++++ Material provided

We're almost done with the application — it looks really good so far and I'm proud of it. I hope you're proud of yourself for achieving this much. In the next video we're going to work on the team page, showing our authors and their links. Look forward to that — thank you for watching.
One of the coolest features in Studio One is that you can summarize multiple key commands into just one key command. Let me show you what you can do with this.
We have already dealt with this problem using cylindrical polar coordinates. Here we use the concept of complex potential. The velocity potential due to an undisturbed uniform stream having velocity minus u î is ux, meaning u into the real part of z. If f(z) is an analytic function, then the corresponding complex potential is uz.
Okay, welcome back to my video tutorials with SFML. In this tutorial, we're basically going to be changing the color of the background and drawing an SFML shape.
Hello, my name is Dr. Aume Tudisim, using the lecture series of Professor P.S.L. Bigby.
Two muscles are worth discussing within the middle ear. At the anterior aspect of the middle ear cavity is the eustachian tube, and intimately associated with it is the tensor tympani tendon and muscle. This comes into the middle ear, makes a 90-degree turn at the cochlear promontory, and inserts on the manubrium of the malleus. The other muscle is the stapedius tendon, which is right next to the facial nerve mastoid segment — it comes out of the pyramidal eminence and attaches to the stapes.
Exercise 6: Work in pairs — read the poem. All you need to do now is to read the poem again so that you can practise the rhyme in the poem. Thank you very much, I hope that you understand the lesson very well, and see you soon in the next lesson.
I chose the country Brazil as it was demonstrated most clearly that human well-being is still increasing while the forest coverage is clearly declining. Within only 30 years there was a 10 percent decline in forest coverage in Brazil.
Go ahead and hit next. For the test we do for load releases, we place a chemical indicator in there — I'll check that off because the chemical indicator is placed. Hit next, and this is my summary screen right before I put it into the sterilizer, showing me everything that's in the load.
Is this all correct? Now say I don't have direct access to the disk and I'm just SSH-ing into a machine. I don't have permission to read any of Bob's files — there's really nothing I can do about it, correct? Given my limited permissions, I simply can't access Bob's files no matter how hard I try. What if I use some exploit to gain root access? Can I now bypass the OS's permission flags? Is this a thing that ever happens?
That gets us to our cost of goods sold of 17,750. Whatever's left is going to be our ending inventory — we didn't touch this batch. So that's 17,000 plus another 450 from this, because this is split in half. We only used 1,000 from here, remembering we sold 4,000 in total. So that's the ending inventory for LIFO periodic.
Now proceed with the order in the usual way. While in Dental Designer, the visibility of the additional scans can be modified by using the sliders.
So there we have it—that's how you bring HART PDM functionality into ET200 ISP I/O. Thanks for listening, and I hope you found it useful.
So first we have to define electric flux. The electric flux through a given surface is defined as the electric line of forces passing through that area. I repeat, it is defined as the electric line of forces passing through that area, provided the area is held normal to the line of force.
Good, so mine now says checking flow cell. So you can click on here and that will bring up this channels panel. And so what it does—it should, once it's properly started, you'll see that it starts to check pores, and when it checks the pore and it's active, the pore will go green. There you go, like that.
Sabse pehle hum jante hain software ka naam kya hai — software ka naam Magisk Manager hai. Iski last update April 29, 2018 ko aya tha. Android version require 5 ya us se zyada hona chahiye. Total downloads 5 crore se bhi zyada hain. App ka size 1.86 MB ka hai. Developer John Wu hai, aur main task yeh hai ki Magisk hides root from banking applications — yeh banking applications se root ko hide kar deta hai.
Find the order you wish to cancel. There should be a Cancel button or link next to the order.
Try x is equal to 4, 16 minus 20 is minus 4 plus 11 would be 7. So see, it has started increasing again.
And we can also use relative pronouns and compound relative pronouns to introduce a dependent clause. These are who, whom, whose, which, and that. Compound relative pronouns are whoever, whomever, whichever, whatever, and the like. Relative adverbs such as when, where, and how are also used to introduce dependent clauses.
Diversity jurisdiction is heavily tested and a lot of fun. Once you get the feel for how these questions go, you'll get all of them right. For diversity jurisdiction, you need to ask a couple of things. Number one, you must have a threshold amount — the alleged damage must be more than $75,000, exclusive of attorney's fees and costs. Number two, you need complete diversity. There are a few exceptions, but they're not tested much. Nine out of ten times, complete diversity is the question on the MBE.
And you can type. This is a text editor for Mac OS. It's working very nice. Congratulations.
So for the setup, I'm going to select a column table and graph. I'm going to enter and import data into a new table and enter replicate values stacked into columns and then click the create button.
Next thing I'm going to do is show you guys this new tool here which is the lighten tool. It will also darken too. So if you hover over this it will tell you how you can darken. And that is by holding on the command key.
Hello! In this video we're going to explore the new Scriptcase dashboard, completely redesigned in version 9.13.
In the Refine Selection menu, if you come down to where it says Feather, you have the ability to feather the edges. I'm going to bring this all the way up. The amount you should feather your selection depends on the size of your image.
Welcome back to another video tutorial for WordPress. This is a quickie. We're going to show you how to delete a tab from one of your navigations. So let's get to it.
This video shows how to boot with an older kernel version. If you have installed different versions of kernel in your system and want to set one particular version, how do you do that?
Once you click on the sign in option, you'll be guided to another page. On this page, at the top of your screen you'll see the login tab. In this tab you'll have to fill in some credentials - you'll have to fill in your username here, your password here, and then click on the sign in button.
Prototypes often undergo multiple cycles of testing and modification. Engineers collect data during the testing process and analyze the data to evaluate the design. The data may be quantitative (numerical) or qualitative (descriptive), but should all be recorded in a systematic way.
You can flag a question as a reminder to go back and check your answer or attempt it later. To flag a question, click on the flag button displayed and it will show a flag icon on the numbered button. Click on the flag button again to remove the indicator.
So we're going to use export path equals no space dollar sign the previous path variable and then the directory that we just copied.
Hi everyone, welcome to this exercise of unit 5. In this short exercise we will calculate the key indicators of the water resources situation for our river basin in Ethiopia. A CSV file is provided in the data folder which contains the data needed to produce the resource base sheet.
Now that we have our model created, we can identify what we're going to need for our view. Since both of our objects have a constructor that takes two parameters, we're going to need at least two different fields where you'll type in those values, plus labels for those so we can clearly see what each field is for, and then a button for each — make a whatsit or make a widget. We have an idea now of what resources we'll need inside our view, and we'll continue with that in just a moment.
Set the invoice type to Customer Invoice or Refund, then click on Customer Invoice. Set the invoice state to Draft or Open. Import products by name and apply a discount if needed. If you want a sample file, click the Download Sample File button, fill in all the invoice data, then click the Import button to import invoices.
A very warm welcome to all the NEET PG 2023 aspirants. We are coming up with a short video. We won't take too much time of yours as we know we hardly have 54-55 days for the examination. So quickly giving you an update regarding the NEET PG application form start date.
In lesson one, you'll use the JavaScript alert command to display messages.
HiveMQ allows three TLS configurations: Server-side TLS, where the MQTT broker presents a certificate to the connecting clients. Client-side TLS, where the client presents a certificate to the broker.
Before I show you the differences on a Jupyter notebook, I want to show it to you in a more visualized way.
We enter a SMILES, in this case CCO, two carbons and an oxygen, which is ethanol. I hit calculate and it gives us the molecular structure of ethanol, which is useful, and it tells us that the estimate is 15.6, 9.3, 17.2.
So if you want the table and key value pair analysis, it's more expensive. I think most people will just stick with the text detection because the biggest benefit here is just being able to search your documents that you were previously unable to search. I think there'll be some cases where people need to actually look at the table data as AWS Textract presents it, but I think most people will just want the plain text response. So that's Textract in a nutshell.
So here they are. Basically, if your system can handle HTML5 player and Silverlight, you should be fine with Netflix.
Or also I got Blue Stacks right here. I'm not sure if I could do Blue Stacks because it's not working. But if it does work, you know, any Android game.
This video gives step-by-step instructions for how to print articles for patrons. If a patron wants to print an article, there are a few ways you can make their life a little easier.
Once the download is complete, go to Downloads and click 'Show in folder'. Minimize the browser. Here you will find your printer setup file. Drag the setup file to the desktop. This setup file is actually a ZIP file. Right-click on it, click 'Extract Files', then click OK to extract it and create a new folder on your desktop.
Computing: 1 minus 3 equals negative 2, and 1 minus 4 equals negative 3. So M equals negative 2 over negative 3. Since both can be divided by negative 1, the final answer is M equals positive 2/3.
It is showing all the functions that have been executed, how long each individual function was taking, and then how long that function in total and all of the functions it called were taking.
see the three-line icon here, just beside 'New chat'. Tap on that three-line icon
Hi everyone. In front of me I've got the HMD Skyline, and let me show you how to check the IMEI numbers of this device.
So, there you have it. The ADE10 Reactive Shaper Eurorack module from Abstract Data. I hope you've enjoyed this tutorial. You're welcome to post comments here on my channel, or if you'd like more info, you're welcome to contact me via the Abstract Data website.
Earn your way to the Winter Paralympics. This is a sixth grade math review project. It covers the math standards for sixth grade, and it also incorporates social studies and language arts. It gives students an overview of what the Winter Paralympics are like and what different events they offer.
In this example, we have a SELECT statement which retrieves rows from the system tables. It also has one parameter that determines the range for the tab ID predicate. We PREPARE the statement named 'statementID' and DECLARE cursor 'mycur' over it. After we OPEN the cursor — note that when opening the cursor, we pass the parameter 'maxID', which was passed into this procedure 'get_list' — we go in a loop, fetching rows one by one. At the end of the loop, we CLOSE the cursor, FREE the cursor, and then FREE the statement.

++++++++

Your goal - Transcribe each line of the data above, unaltered, from the one where "Try x is equal" appears to the one where "And you can" appears, inclusive of both.

Task result -
Try x is equal to 4, 16 minus 20 is minus 4 plus 11 would be 7. So see, it has started increasing again.
And we can also use relative pronouns and compound relative pronouns to introduce a dependent clause. These are who, whom, whose, which, and that. Compound relative pronouns are whoever, whomever, whichever, whatever, and the like. Relative adverbs such as when, where, and how are also used to introduce dependent clauses.
Diversity jurisdiction is heavily tested and a lot of fun. Once you get the feel for how these questions go, you'll get all of them right. For diversity jurisdiction, you need to ask a couple of things. Number one, you must have a threshold amount — the alleged damage must be more than $75,000, exclusive of attorney's fees and costs. Number two, you need complete diversity. There are a few exceptions, but they're not tested much. Nine out of ten times, complete diversity is the question on the MBE.
And you can type. This is a text editor for Mac OS. It's working very nice. Congratulations.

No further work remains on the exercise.